(MATERIAL PROVIDED Opens)
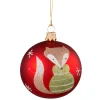 * Tree Baubles And Set Offers|Glass Bauble Red With Fox, 7 Cm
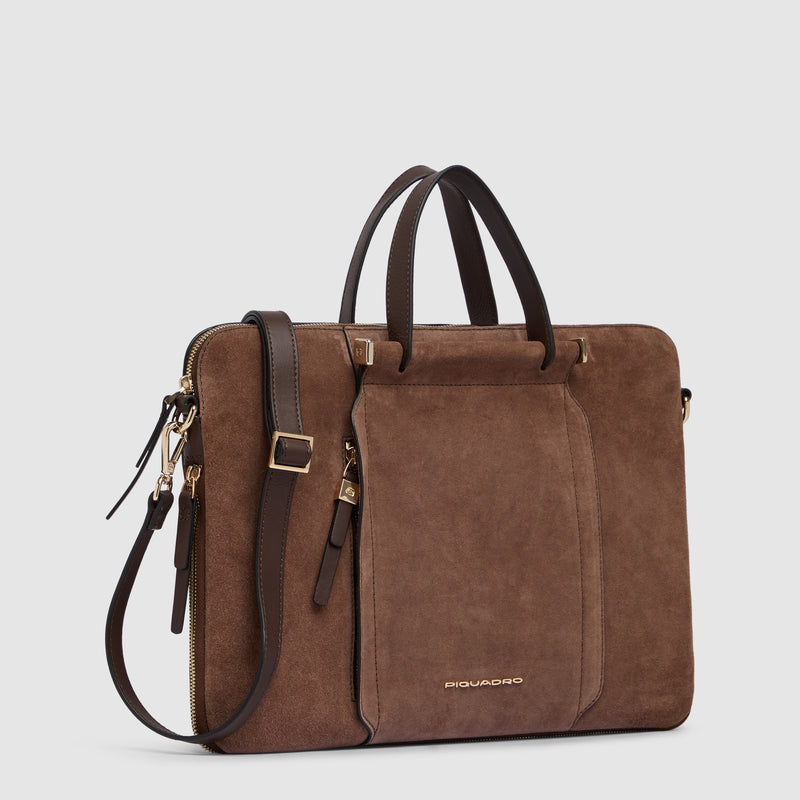 Expandable Leather Work Bag for 14" Laptop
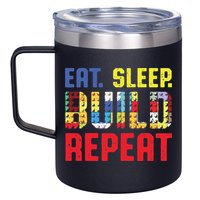 Funny Eat Sleep Build Repeat Building Funny Builders 12oz Stainless Steel Coffee Mug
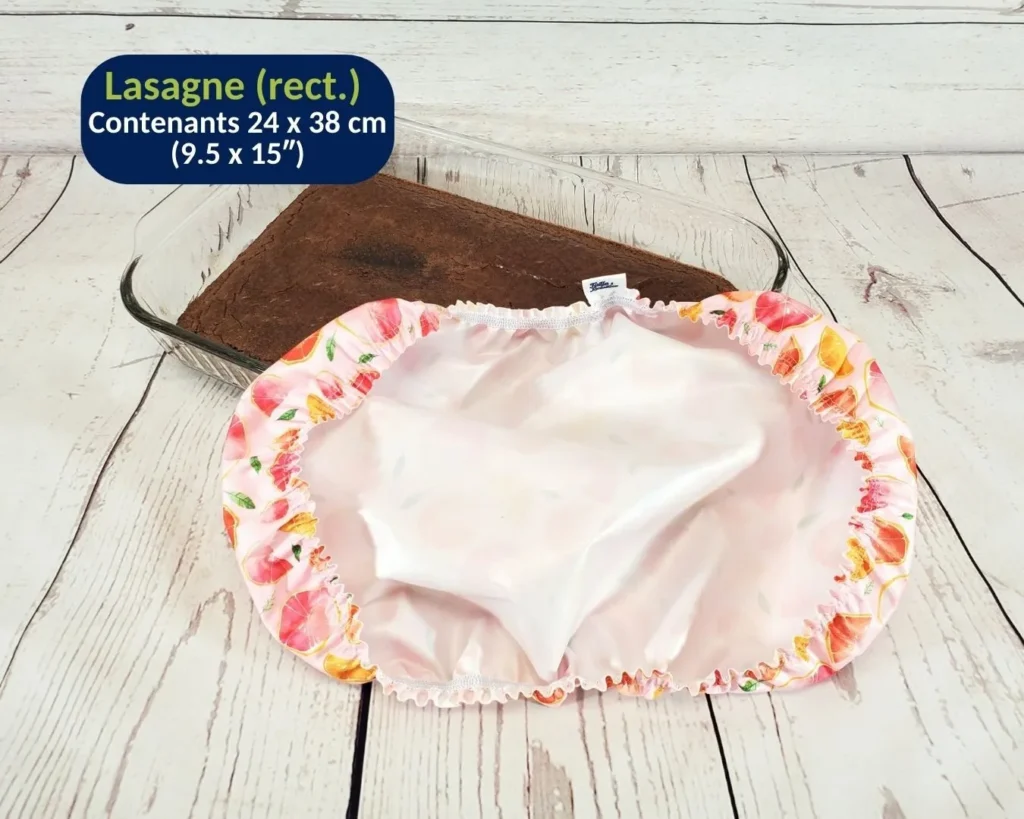 Couvre-bol rectangulaire (Lasagne)Taille & Retailles à l'envers avec dimensions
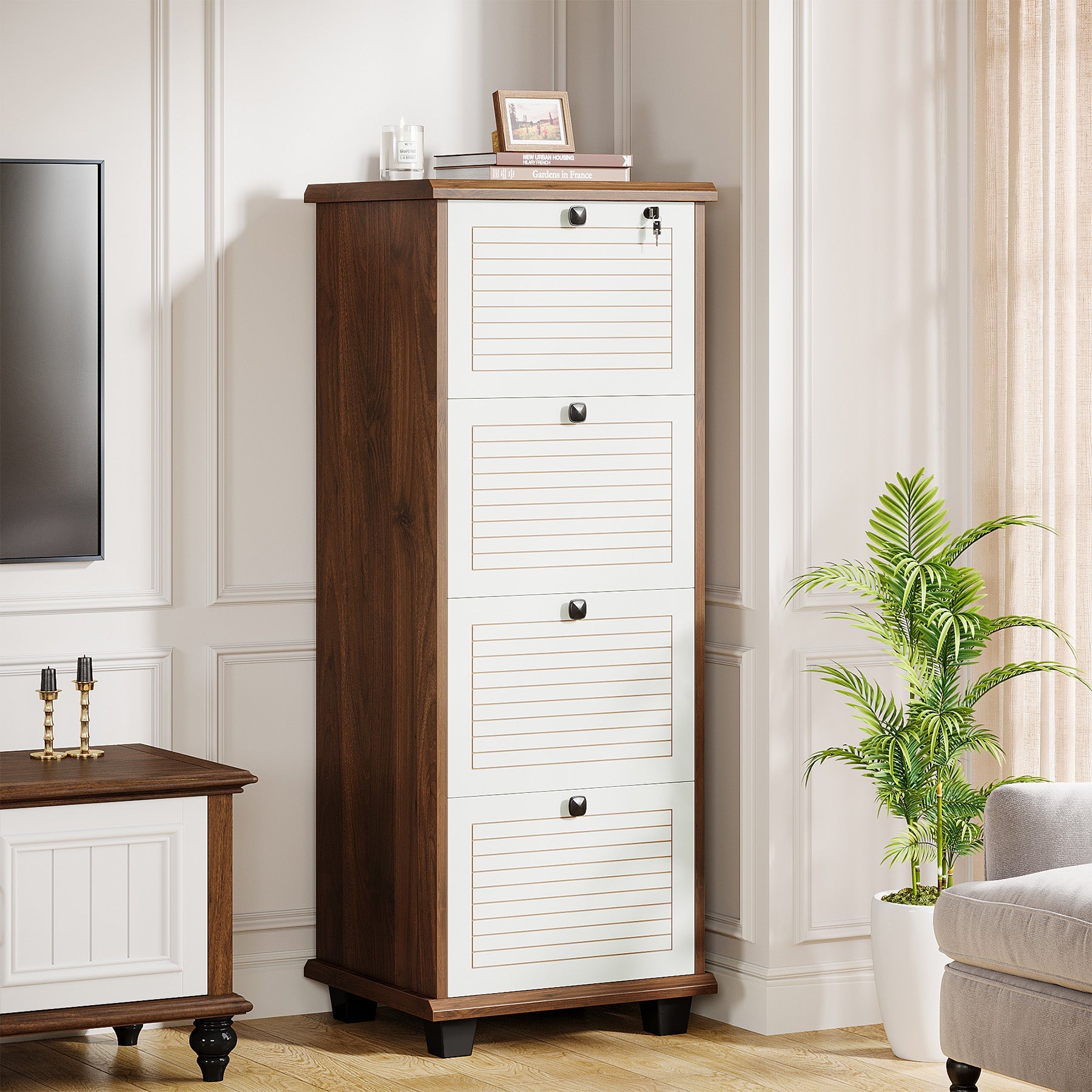 4-Drawer File Cabinet, Vertical Wood Filing Cabinet Storage Cabinet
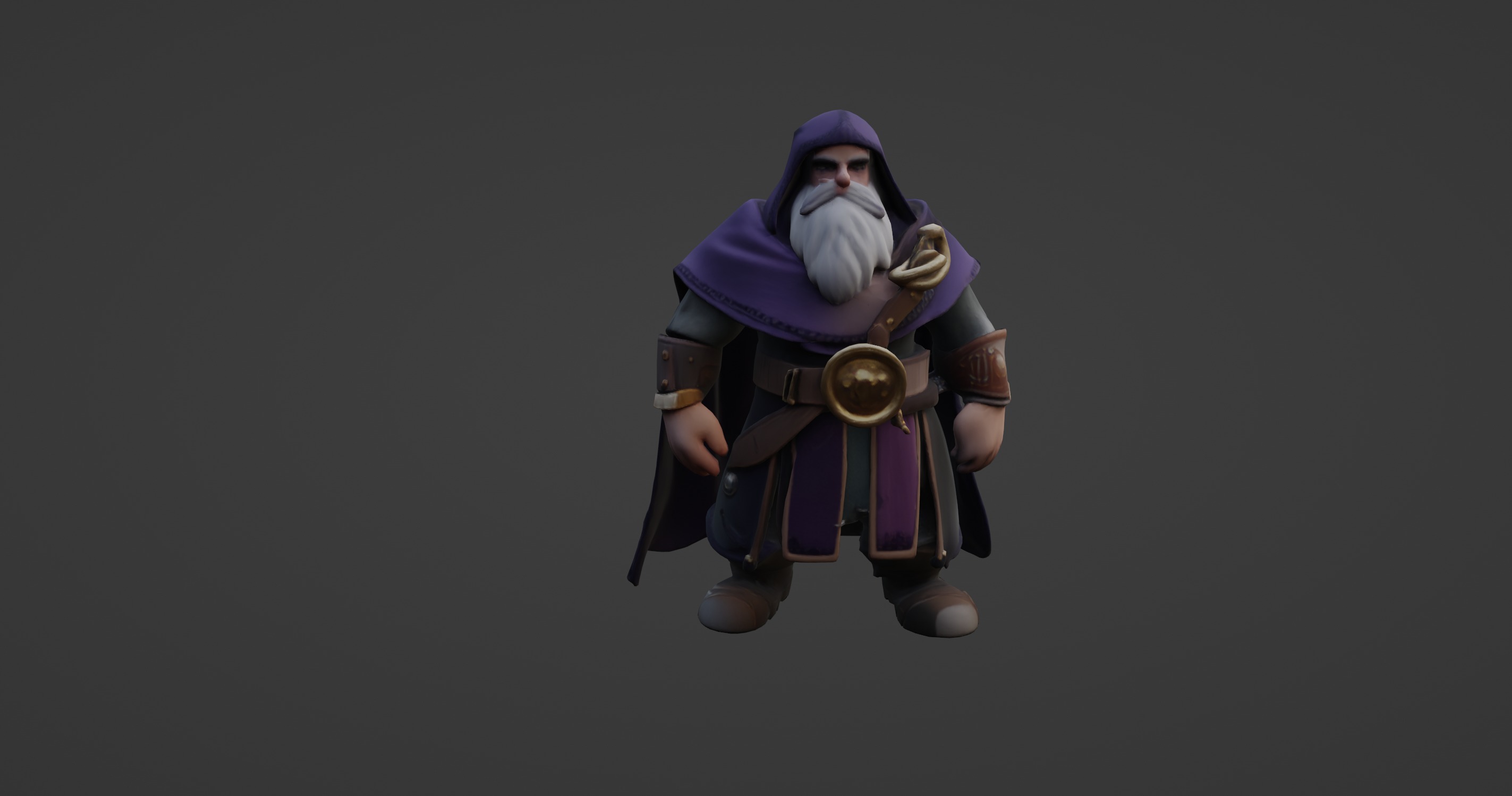 Elderly Wizard Character Fantasy 3D Model 3D model_5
(MATERIAL PROVIDED Closes)
EXERCISE DIRECTIONS:
Pictures stay out; reproduce exactly the lines from the one containing "Expandable Leather Work" through the last line of the listing, both included.

EXERCISE OUTPUT:
 Expandable Leather Work Bag for 14" Laptop
 Funny Eat Sleep Build Repeat Building Funny Builders 12oz Stainless Steel Coffee Mug
 Couvre-bol rectangulaire (Lasagne)Taille & Retailles à l'envers avec dimensions
 4-Drawer File Cabinet, Vertical Wood Filing Cabinet Storage Cabinet
 Elderly Wizard Character Fantasy 3D Model 3D model_5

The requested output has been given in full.